Mr Richard Goulston, team leader

  1. Mr Goulston provided a statement dated 6 June 2023.[11] He advised that on 22 December 2022, he received a customer complaint in relation to the appellant’s conduct. He explained that it was his role to conduct an initial investigation in order to determine the intent of the complaining party and whether the complaint was bona fide. He described the complaint as unusual, in that in this instance the appellant had not issued any infringement to the customer. He said that the substance of the complaint was that the appellant had spoken to the complainant and her partner inappropriately, was not wearing his name badge or any other ranger identification.

    [11] Reply to Application to Resolve a Dispute (reply), pp 190–203.

  2. Mr Goulston stated that he notified the appellant of the complaint by email on 23 December 2022. He said that he had brief discussions with the complainant and then with the appellant in order to seek his response to the complaint. He said that the appellant’s view was that he had acted appropriately, but Mr Goulston determined that there was probably a case for the appellant to answer.
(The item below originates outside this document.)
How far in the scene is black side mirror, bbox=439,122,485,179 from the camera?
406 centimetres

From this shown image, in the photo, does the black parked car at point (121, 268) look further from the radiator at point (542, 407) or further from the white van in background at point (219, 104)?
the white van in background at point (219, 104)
He observed that the progress of the investigation may have been impacted by the Christmas and New Year break and estimated that it was probably in January 2023 that he referred the complaint to Mr Mark Taylor, the “Safe City Manager” to handle the matter thereafter.

  3. Mr Goulston referred to the appellant’s father having passed away in mid-November 2022 and indicated that he offered support to the appellant during this period, including offering the appellant assistance through the employee assistance program and approving two to three weeks of leave. He said that he also checked on the appellant’s welfare after the appellant returned from that leave.

  4. Mr Goulston stated that issues were raised by the appellant about his shift rosters in January 2023, which had to be re-arranged because of the sudden retirement of one of the rangers over the holiday period. Mr Goulston also spoke about issues arising from the deterioration in the appellant’s performance over the previous two or three years and the need to implement a performance management plan in about March 2023. Mr Goulston also spoke about other ongoing issues in relation to the appellant’s conduct from about 2018.

Ms Kate Drysdale, senior ranger

  1. Ms Drysdale made a statement dated 8 June 2023.[12] She stated that in or about the week commencing 16 January 2023 (when she had returned from three weeks’ leave) she was advised by Mr Goulston of a complaint made against the appellant. She said that Mr Goulston performed a handover to her because he was about to take leave, and she was to continue to handle the matter in his absence. She said that he told her that he was seeking a response to the complaint from the appellant.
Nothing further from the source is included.